We’re asked to return the values of the nodes that are distance k from a given target node. We can accomplish this by conducting a DFS through the binary tree to assign each node a parent node. This allows us to treat the binary tree as an undirected graph.
With this updated graph, we can condcut a BFS from the target node outwards, conducting k steps. Once we’ve done k steps, we return the values of the nodes still remaining in the queue - these are the nodes at the level that are k distance away from the target.
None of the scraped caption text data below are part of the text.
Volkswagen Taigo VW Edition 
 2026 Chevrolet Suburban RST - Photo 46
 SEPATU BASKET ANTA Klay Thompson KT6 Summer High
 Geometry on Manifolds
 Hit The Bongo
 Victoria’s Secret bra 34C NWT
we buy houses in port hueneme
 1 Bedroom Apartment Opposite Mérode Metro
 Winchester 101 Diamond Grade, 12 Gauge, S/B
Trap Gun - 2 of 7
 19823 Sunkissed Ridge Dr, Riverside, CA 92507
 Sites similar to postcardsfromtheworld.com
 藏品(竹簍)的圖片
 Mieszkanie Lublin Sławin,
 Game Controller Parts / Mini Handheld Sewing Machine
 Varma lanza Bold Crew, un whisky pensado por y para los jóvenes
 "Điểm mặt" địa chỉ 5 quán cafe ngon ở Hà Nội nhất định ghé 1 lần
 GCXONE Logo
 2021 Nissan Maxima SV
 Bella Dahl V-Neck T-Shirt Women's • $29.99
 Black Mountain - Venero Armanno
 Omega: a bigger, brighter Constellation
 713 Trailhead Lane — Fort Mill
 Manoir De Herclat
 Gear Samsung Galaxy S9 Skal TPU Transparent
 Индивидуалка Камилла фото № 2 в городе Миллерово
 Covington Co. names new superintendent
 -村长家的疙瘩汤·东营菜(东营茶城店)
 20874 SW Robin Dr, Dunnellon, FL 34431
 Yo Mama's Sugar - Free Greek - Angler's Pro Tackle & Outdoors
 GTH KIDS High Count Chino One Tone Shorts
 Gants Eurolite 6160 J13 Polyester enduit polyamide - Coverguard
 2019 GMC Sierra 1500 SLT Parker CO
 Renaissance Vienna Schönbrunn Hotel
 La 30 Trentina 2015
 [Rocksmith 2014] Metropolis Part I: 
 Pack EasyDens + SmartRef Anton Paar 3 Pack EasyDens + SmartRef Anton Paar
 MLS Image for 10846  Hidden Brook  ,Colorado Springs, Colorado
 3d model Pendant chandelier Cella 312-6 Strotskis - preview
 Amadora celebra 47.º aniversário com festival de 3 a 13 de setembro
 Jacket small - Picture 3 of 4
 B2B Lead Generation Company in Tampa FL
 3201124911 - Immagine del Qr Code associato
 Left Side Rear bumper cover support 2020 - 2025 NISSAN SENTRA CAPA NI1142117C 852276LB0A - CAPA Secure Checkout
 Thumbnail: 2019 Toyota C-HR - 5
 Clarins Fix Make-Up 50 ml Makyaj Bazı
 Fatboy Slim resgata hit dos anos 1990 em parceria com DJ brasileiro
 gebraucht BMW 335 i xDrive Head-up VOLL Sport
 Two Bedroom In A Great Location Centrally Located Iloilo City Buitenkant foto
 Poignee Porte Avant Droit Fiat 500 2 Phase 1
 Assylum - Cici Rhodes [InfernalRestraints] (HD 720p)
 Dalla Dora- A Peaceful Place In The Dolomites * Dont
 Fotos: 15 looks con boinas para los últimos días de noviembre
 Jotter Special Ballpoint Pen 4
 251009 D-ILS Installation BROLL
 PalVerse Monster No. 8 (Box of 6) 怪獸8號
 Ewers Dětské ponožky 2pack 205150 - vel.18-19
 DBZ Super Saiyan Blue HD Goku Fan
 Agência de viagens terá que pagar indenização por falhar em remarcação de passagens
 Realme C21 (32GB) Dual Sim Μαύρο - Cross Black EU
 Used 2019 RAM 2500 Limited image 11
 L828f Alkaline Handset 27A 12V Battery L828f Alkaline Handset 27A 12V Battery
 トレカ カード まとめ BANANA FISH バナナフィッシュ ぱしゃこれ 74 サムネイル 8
The solution is as follows:
class Solution:
def distanceK(self, root: TreeNode, target: TreeNode, k: int) -> List[int]:
stack = [(root, None)]
while stack:
node, parent = stack.pop()
node.parent = parent
if node.left:
stack.append((node.left, node))
if node.right:
stack.append((node.right, node))
distance = 0
seen = {target}
queue = [target]
while queue and distance < k:
curr_queue, queue = queue, []
for node in curr_queue:
for neighbor in [node.left, node.right, node.parent]:
if neighbor and neighbor not in seen:
seen.add(neighbor)
queue.append(neighbor)
distance += 1
return [node.val for node in queue]_ Time Complexity:
O(n) - DFS and BFS both take O(n) time.
_ Space Complexity:
O(n) - We maintain a stack, queue, and seen set that all take up O(n) space.